START AVAILABLE DATA

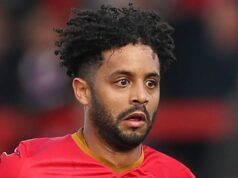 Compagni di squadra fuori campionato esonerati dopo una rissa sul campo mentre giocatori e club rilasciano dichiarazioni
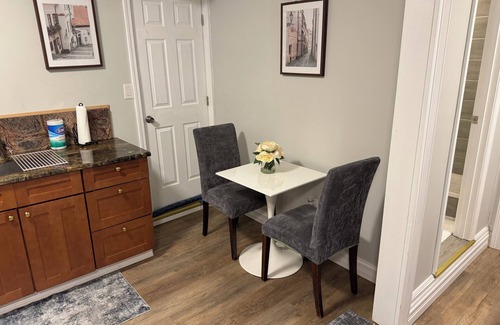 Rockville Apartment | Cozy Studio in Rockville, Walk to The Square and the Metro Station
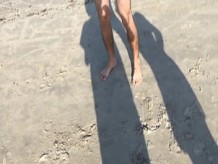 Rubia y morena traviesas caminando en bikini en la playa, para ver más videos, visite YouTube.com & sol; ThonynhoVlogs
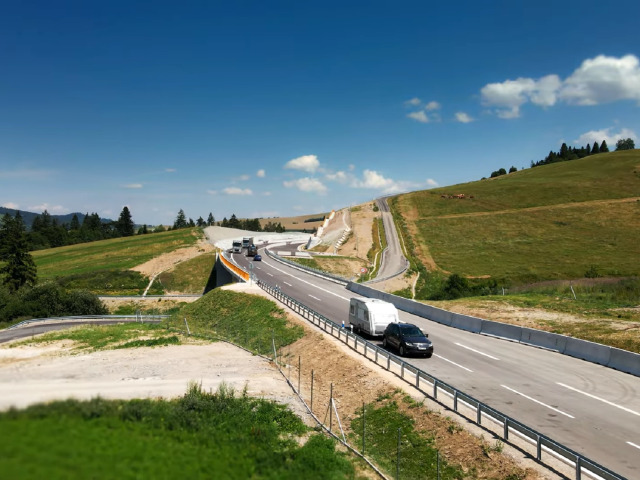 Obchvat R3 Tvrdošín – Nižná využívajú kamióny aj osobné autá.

END AVAILABLE DATA
START AVAILABLE DATA

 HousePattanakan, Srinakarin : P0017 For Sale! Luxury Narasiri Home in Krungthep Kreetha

END AVAILABLE DATA

** PROBLEM STATEMENT **
Starting at the line containing "Rubia y morena" and stopping at the line containing "Obchvat R3 Tvrdošín", output each line exactly as it appears above. Leave out the pictures.

** SOLUTION **
 Rubia y morena traviesas caminando en bikini en la playa, para ver más videos, visite YouTube.com & sol; ThonynhoVlogs
 Obchvat R3 Tvrdošín – Nižná využívajú kamióny aj osobné autá.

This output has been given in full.